— Assignment —
Retype exactly the lines from the one holding "Alberto Fernández Instagram" through the final line of the data, both included.

(Stored data)
_ _ _ _
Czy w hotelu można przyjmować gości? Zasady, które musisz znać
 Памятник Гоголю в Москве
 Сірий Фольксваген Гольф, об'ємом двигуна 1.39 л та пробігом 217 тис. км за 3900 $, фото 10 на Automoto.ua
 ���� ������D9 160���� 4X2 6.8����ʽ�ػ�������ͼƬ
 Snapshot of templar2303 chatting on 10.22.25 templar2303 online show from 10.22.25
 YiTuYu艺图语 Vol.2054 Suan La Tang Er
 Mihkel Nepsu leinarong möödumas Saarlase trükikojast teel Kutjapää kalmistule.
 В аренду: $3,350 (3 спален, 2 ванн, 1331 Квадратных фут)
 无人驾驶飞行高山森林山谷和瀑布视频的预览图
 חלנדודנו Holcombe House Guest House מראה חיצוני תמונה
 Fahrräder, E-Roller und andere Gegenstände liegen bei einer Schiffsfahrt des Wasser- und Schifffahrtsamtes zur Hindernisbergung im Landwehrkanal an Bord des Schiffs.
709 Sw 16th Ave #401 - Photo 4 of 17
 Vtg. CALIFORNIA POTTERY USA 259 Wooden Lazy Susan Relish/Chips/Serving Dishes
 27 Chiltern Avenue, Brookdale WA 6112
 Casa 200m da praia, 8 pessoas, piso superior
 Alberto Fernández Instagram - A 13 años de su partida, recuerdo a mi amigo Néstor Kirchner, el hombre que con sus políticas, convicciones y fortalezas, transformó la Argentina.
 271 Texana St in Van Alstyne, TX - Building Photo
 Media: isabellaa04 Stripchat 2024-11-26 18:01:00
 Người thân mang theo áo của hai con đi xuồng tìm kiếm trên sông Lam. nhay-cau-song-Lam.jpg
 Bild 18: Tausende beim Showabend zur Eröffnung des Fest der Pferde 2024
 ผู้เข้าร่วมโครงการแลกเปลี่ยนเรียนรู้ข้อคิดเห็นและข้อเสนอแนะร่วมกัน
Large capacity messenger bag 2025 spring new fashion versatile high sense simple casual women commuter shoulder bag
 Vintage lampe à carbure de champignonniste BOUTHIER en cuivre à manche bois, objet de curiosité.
_ _ _ _
— Output of the exercise —
 Alberto Fernández Instagram - A 13 años de su partida, recuerdo a mi amigo Néstor Kirchner, el hombre que con sus políticas, convicciones y fortalezas, transformó la Argentina.
 271 Texana St in Van Alstyne, TX - Building Photo
 Media: isabellaa04 Stripchat 2024-11-26 18:01:00
 Người thân mang theo áo của hai con đi xuồng tìm kiếm trên sông Lam. nhay-cau-song-Lam.jpg
 Bild 18: Tausende beim Showabend zur Eröffnung des Fest der Pferde 2024
 ผู้เข้าร่วมโครงการแลกเปลี่ยนเรียนรู้ข้อคิดเห็นและข้อเสนอแนะร่วมกัน
Large capacity messenger bag 2025 spring new fashion versatile high sense simple casual women commuter shoulder bag
 Vintage lampe à carbure de champignonniste BOUTHIER en cuivre à manche bois, objet de curiosité.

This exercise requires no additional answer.